Congress having made no regulation in regard to the use of the highways, the power is vested in the legislature of the State, being a local and concurrent power. Welton v. Missouri, 91 U.S. 275; Henderson v. Mayor, 92 Ind. 259; Mobile v. Kimball, 102 Ind. 691; Escanaba Co. v. Chicago, 107 U.S. 678.



The plaintiffs below, the appellants here, owned and operated for hire, under proper license, motor trucks on the Columbia River Highway in Oregon, from the east boundary of Multnomah County to the west limits of the city of Hood River, a distance of 22.11 miles. This Highway extends from Portland to The Dalles, Oregon, and is a rural post road. The plaintiffs have complied with all the state rules and regulations respecting the operation of motor trucks upon the Highway, and under previous regulations carried a combined maximum load of not exceeding 22,000 pounds. The Highway Commission, under a law of Oregon, has reduced the maximum to 16,500 pounds, by an order in which the Commission recites that the road is being damaged by heavier loads. The plaintiffs filed this bill to enjoin the enforcement of the order, on the ground that it invades their federal constitutional rights.

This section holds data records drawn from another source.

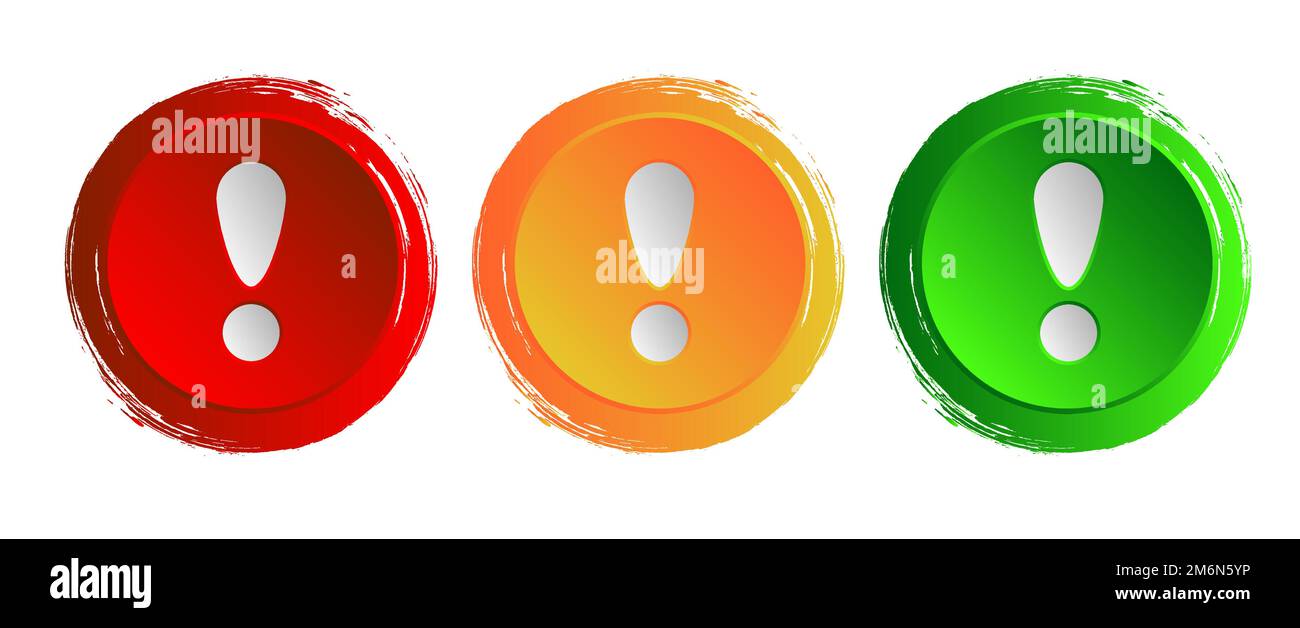 Attention problem Stock Vector Images - Alamy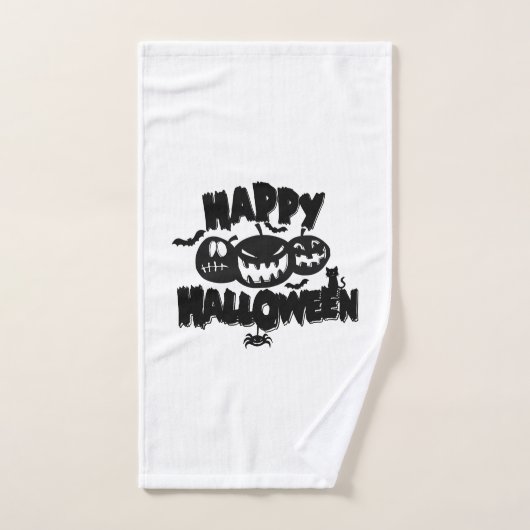ハッピーハロウィン ハンドタオル (ハンドタオル)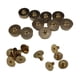 thumbnail image 2 of 10 Uds 11,5 mm tachuelas de metal remaches de tornillo para zapatos bolso de Zulema Tornillo Clavos para remaches, 2 of 4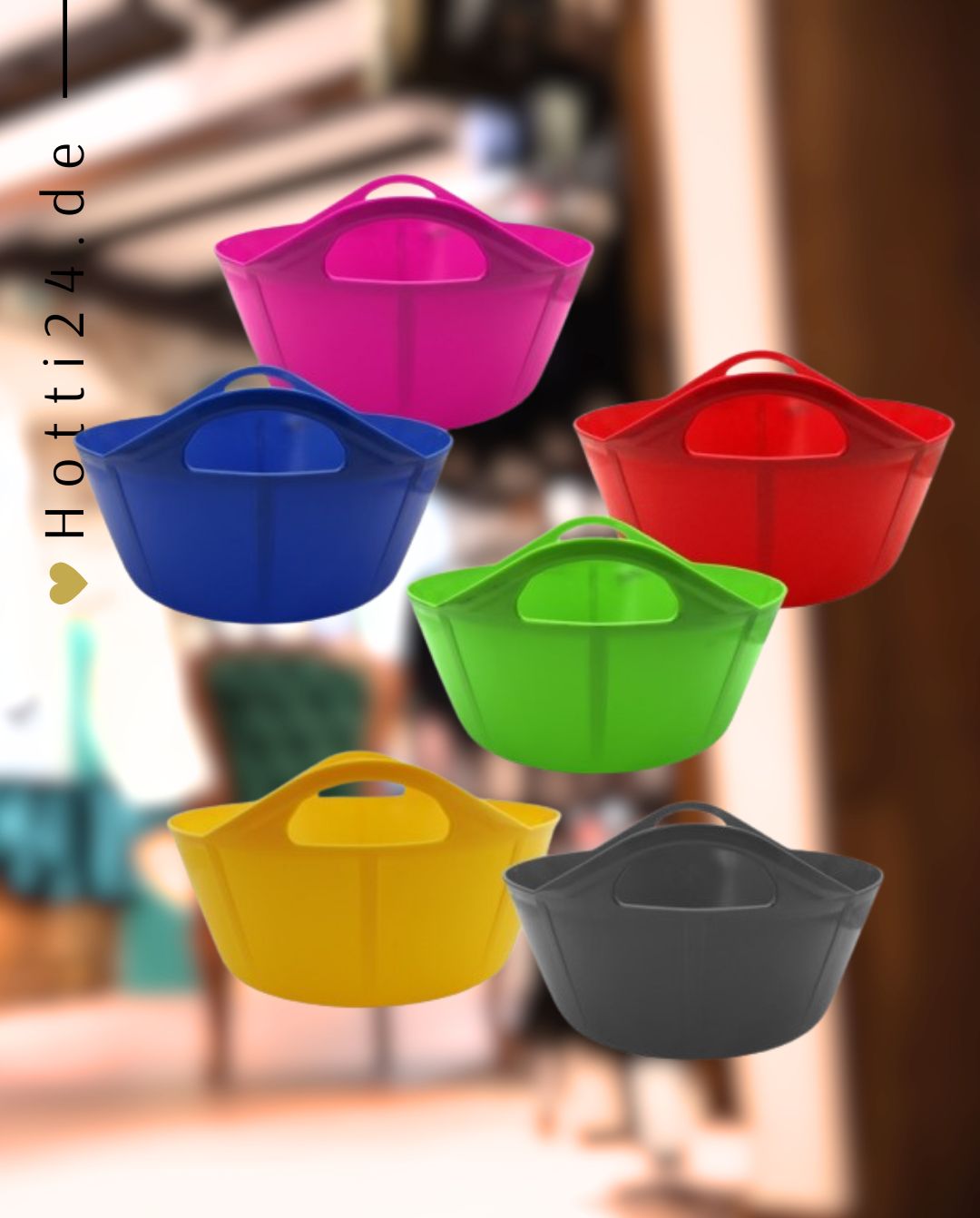 GEWA »Bucket Flexi Bowl 15 liters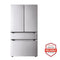 26 Cu. Ft. Counter-depth Max, 4-door French Door Refrigerator With Full-convert Drawer™ And Internal Water Dispenser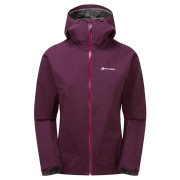 Damenjacke Montane Women's Pac Plus Jacket lila Saskatoon Berry
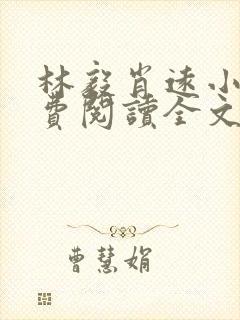 林毅肖远小说免费阅读全文最新章节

The case was heard under § 266 of the Judicial Code, as amended by the Act of February 13, 1925, c. 229, 43 Stat. 926, before a court of three judges, on an order to show cause why a preliminary injunction should not issue restraining the Commission from enforcing the order. A motion to dismiss was interposed to the complaint by the defendant and submitted at the same time. The District Court denied the application for a preliminary injunction, and granted the motion to dismiss the plaintiff's amended bill, on the ground that it did not state facts sufficient to constitute a cause of action or to entitle the plaintiffs to the relief demanded. As the plaintiffs refused to plead further, the cause was dismissed, and the case comes here directly from the District Court by virtue of paragraph 3 of § 238 of the Judicial Code, as amended by the Act of February 13, 1925, c. 229, 43 Stat. 936.

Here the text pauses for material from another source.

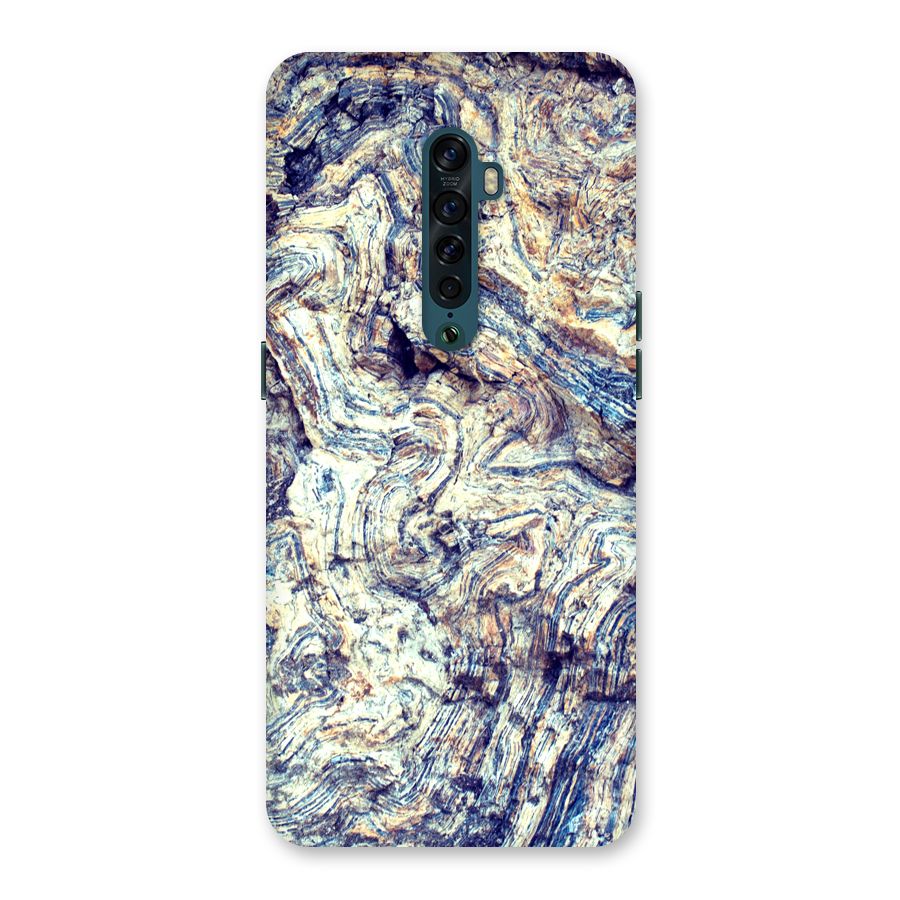 Marble Pattern Back Case for Oppo Reno2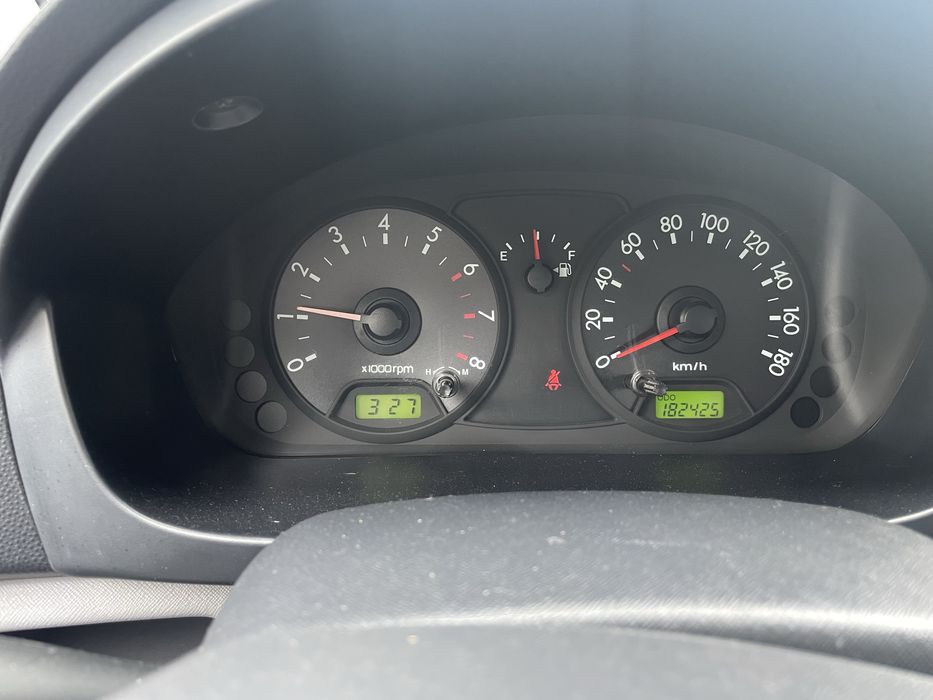 Kia picanto neagra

The Secretary of Agriculture, by virtue of three Acts of Congress, one of July 11, 1916, c. 241, 39 Stat. 355, an amendment thereto of February 28, 1919, c. 69, 40 Stat. 1189, 1200, and the Federal Highway Act of November 9, 1921, c. 119, 42 Stat. 212, is authorized to cooperate with the States, through their respective highway departments, in the construction of rural post roads. These require that no money appropriated under their provisions shall be expended in any State until it shall by its legislature have assented to the provisions of the Acts. They provide that the Secretary of Agriculture and the state highway department of each State shall agree upon the roads to be constructed therein and the character and method of their construction. The construction work in each State is to be done in accordance with its laws, and under the supervision of the state highway department, subject to the inspection and approval of the Secretary and in accord with his rules and regulations made pursuant to the federal acts. The States are required to maintain the roads so constructed according to their laws. In case of failure of a State to maintain any highway within its boundaries after construction or reconstruction, the Secretary is authorized to proceed on notice to have the highway placed in proper condition of maintenance, at the charge and cost of the federal funds allotted to the State, and henceforth to refuse any further project in such State until the State shall reimburse the Government for such maintenance and shall pay into the Federal Highway Fund for reapportionment among all the States the sum thus expended.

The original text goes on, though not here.